Enrique smiled. “That part’s complicated. See, White Tree is like any megacorp. Its knowledge is compartmentalized for legal and strategic reasons. Some departments keep secrets from other departments. My contact is in network security. They know everything, including both the Henri Ascuncion and Enrique Lima aliases. But the people I work with in regulatory affairs, they know little about who I really am. Thanks, Gloss.”

Gloss came around the bar and handed over two warm demitasses, each holding a beautiful, creamy shot of dark-brown espresso topped with a dense layer of tiny golden bubbles. I nodded as I took mine.

Enrique stopped talking while he sipped, a ritual I knew better than to interrupt. I took in my espresso, feeling happiness and drive radiate through my body. My fingers tingled. The sub-subs seemed to like it particularly.

I looked around the bar compartment. Gloss sat on a stool, sipping his tea, typing up something for his dissertation. The lights above were small and recessed, but glowed down like miniature sunsets or moons. The couch was made of something particularly luxurious, an imitation leather. I was looking forward to taking a bath later. Forget about sleep, I wanted to be awake every minute I was in here.

After coffee, Enrique explained what he learned from White Tree. Good or bad clinical trial data could elevate or doom a new drug. Each successive level of clinical trial became an order of magnitude more expensive to conduct. Level I trials were cheap; Level IV trials required the GDP of a moderately-developed economy.

White Tree took extra steps to secure the data from the Level IV trials as they were the highest-stakes and most expensive. They contained the real-time sensory data of every patient during the monitoring period. Loads of data, loads of lives.

Enrique learned all about the special security layer. Every night, White Tree reshuffled the addresses of all their remote servers storing Level IV trial data, so that if a runner or rival corp learned about a target to run one day, by the following night the target would be somewhere else. In order to operate as a company, its employees had to know how to access the files of their own workgroups, so master lists of the day's server addresses were kept in the corps’ central servers. So a runner who wanted to crack a particular White Tree remote server first had to breach one of the main White Tree servers to find the location of the target server.

But that wasn’t all. Enrique also learned that White Tree maintained a secure archive of impounded icebreaker technology, which was highly illegal even for a megacorp. Enrique’s contact was dangling access to that archive as a potential payment to Enrique.

“For what?” I said.

“For messing with FUTUR Design’s plans in the next fiscal year. Irregular corporate warfare, young son. White Tree wants us to fight their battles for them.”

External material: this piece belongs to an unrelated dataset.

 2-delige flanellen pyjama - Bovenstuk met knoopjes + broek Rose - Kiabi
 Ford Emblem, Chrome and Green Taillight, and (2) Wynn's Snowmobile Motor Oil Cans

I thought about it for a moment.

“Go after the icebreaker archive if you want,” I said. “All I want to do is crack a White Tree central so that I can find out what happened to Freya.”

“Don’t be hasty,” Enrique said. I saw his point. White Tree was a global company with operations in nearly all of the world's countries. It could store data anywhere, although like any megacorp it wanted to find the right balance of cost, strong corporate privacy laws, and tight physical security. Political instability could lead to torched or seized server farms, or—just as bad—power-grid brown-outs that left servers overheating.

The secured icebreaker archive was in Kuala Lumpur, too far away to reach physically, Enrique explained. “Those breakers could come in handy when we breach the White Tree remote with the Level IV data. It’s bound to have some nasty security.”

“Like a mean red spider?” I said.

“Someone’s been paying attention.”

“Enrique,” I said. “I’m ready. Let me make the run on a White Tree central. We’ll scope out the remote. Then, if we need additional tools, let’s look at the icebreaker archive.”

Enrique regarded me carefully. “OK, young son,” he said. “We’ll play it your way this time. But only because you’re talented enough that I want to see how you get in.”

I felt embarrassed as well as slightly sick. Enrique and Gloss still didn’t know about my cybernetic eyes. They were convinced that everything I had done derived from my natural talent. It was getting harder and harder to tell them, and I felt like every time we talked running, I was lying by omission.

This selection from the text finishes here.